Damages: Money claimed by a claimant from a defendant as compensation for harm done or money awarded by a court as compensation to a claimant.

Data Disclosure Order: Court-based, post-judgment mechanism for the compulsory disclosure of information on the judgment debtor by third parties from the public and private sectors.

Debtor: A person who owes a sum of money - this may be a judgment debt or a criminal financial penalty which is in default, or a liability order.

Distrain/Distraint/Distress: To seize goods to pay for debts. Taking someone's goods to pay for debts.

Enforcement: This term refers to all actions used to obtain payment of a judgment debt, parking charges, magistrates' courts fines and penalties, local and national taxes and duties, commercial rent recovery, maintenance and child support which has not been paid voluntarily.

Enforcement Agent (Bailiff): Someone who is responsible for the enforcement of court orders (warrants of arrest, distress and execution). Included are all those employed in the public and private sectors, bailiffs, sheriffs' officers and distrainors.

Execution: The carrying out of a court order or the terms of a contract. Specifically, the seizure and sale of goods belonging to a debtor under the order or judgment of a civil court. It can also be used as a verb, e.g. 'the execution of a distress warrant'.

ECHR: The European Convention on Human Rights.

Illegal action: An enforcement action will be illegal if it was wrongful from the outset. This will occur if the enforcement agent did not have the right to distrain, or if he or she committed a wrongful act at the beginning of the levy which invalidated the subsequent proceedings.

Impounding: This is the process by which bailiffs obtain legal control over the goods which they have seized. In other words, the process of impounding gives the bailiff the power to return to the premises, remove and sell the goods. Goods could be impounded by immediate removal, by securing on the premises in a suitable place, or by leaving a bailiff in 'close possession' of the goods - i.e. on the premises. However, by far the most common method of impounding is 'walking possession'.

Irregular action: An enforcement action will be irregular if the levy was carried out correctly but the distrainor subsequently does something unlawful.

Levy: This word levy is generally used to refer to the process whereby a debtor's goods are seized and impounded; strictly, it comprehends the whole process of enforcement up to and including sale.

Replevin: Action brought to recover possession of goods which have been seized, in an illegal levy of distress; and subsequently to prove that the seizure was illegal.

Rescous/Rescue: This refers to an interference with goods that have been seized but not impounded.

Seizure: For practical purposes this term describes the seizure of goods by listing on an inventory and by taking walking possession.

Third Party Debt Order: Method of enforcement used by creditors to secure the payment of an outstanding judgment debt by freezing, then seizing money owed by a third party to the debtor in order to pay the judgment debt.

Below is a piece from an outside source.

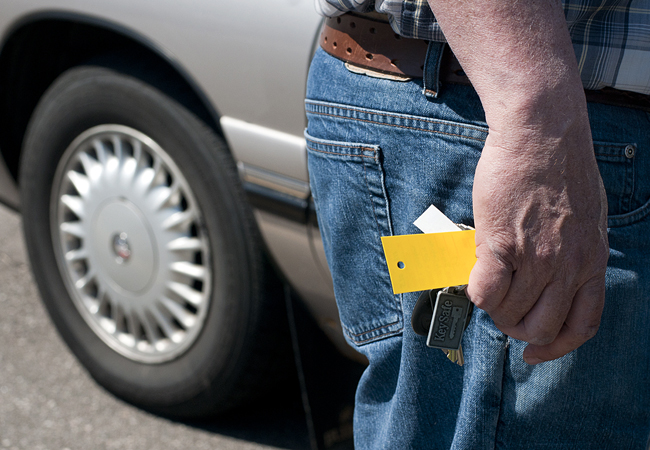 Dan Jones holds the keys to the used cars that are for sale through the Wheel Get You There car program run by the Minnesota Valley Action Council in MANKATO, Minn.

The debts targeted are usually within institutions such as banks and building societies.

Walking Possession: Where the debtor signs an agreement which allows the goods to stay on the premises without supervision until payment or the goods are removed for sale.

Warrant: As in 'Warrant of distress', 'warrant of execution' - the authorisation which allows bailiffs to carry out the processes of distress or execution. This includes writ of execution.

As set out in the Warrant Enforcement Law Chapter, one of the aims of the new legislation is to replace the old fashioned language that relates to enforcement law. Therefore words such as distress, distraint, execute and walking possession will no longer be used. Taking legal control of the goods will replace these words.